Awww, thanks, Sandy!

 

I am sure Amber will be the perfect color. Valentino darkened up over the last few years. I was never a big fan of light colored horses, until I got one. Now I just can't get enough of them!

 

And yes - I FINALLY figured out how to post pictures. Only took me 4 years lol.


----------



## Rebecca (Dec 30, 2010)

frosthillfarm said:


> Awww, thanks, Sandy!
> 
> 
> 
> ...



Nice to see my two favorite palomino boys!



I'm with you Karen, I never was a big fan of light colored horses, until Lucky and Valentino. Love my bays, easier to keep the clean appearance, but I could appreciate a nice palomino any day.

Rebecca


----------



## Riverrose28 (Jan 20, 2011)

I just learned how to post pictures, here goes another try: This is my hombred filly: River Rose Vanilla Sky Sundown, and the picture was taken by Sandy. I sold her, and a little piece of my heart went with her.


----------



## StarRidgeAcres (Jan 20, 2011)

I love palominos and have had several over the years. I can't say that I have a favorite color, but palomino sure would be high on the list. Here are some of mine:

Shoo Fly Acres Buttercup (aka Butter), 33.75" 19 year old mare (16yo in this picture). I think she's currently in foal, but don't know for sure. She's more of a golden color and carries silver I believe.






Bar Ls Pot O Gold (aka Goldie), 32", 20yo mare. Currently out on a long-term lease. She's a golden color and carries silver I think.
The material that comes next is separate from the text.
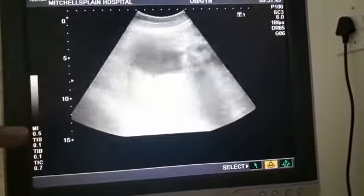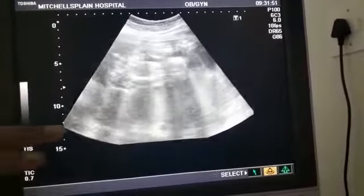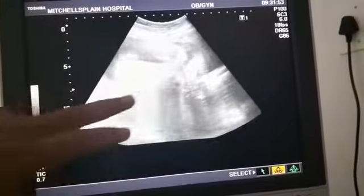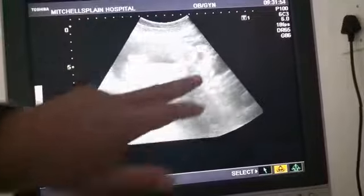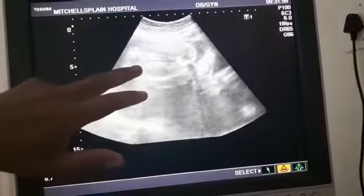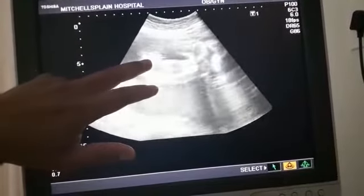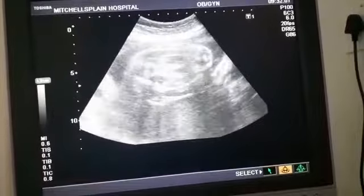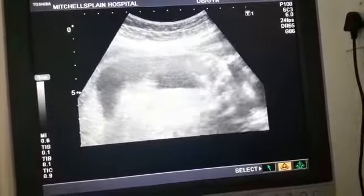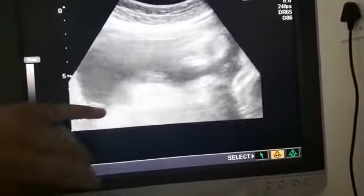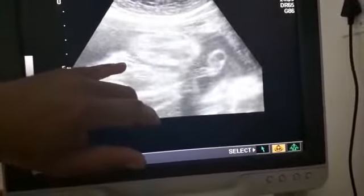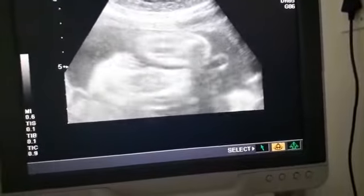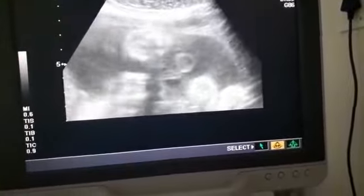There's the other leg coming like that. Now we're looking at the two thighs — that's the one thigh, that's the other thigh. And that area there, between the legs, we call it the hamburger sign, because it looks like two rolls with a patty in the middle. That's a baby girl! Well done.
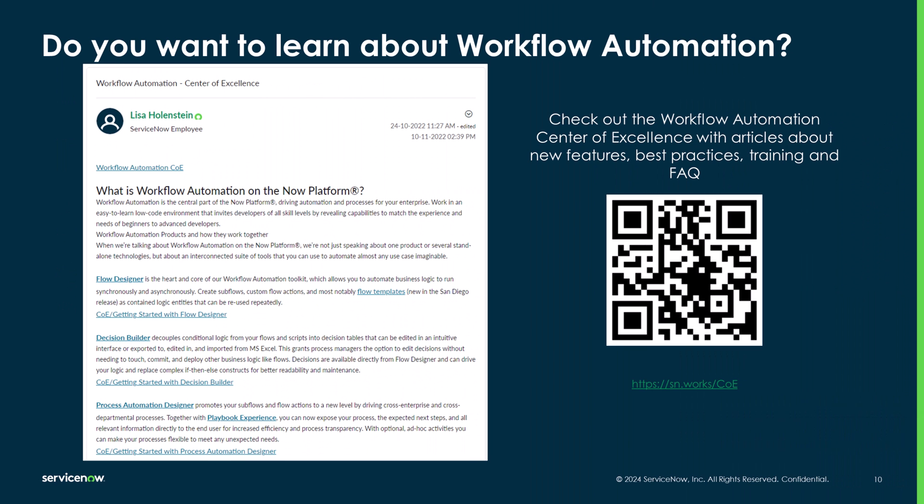While on the topic of more content, if you prefer to read up on topics at your own pace, check out the Workflow Automation Center of Excellence on the community. I've collected resources and links, and I'm regularly publishing new articles with best practices, FAQ, and guidance around flows, playbooks, and decisions.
Star Ridge Acres Golden Miracle (aka Mira, aka Poopy). 27" 4yo mare. More of a "white" palomino. I need to get updated pics of her!






Sweetwaters Golden Junie, 33" 18yo mare. Pinto with one blue eye. A "white" palomino.






Previous horses:

Sera (golden)






Storm (now deceased). Very golden, partial blue eyes.


----------



## maplegum (Jan 20, 2011)

The many shades of Bailey.
















Love my golden boy


----------



## starlight stables (Jan 21, 2011)

eagles ring farm said:


> Can we see all those Palomino beauties
> 
> Ours are or new stallion coming 3 yr old- 30.5" amhr /amha
> 
> ...


He is a real beauty, you may be proud on him

@ nice pics of palominos

At this moment <I don't have a palomino, but in the future a go have many palominos

This year I go cover my cremmelo stallion Shareef , he is a son of Little Kings Buckeroo Cavalier






with my mare Cocktail , that gives me palomino

Buth I must wait to 2012 to see their first foal


----------



## little lady (Jan 22, 2011)

I am sooo enjoying seeing everyones stunning horses!


----------



## countrycharm (Jan 23, 2011)

Palomino Pinto filly i bred 2010 season sired By my stallion Buck Ons Cinnamax and out of my lovely mare Windflower of featherstream, have sold this wee girl she is here until weaning im sooooo going to miss her!!!















Love seeing everyone's pallys



GORGEOUS


----------



## High Meadow Miniatures (Jan 25, 2011)

You all have some beautiful palominos





I have four here; my 3yo filly Miracle, two 2010 foals and my APHA 4yo filly Sierra.

This is Miracle as a foal






One of the 2010 colts, Dipped In Gold (named for his pattern)




and





And here is a pasture shot this winter of Sierra










I just realized after counting my palominos up, all four are also pintos.


----------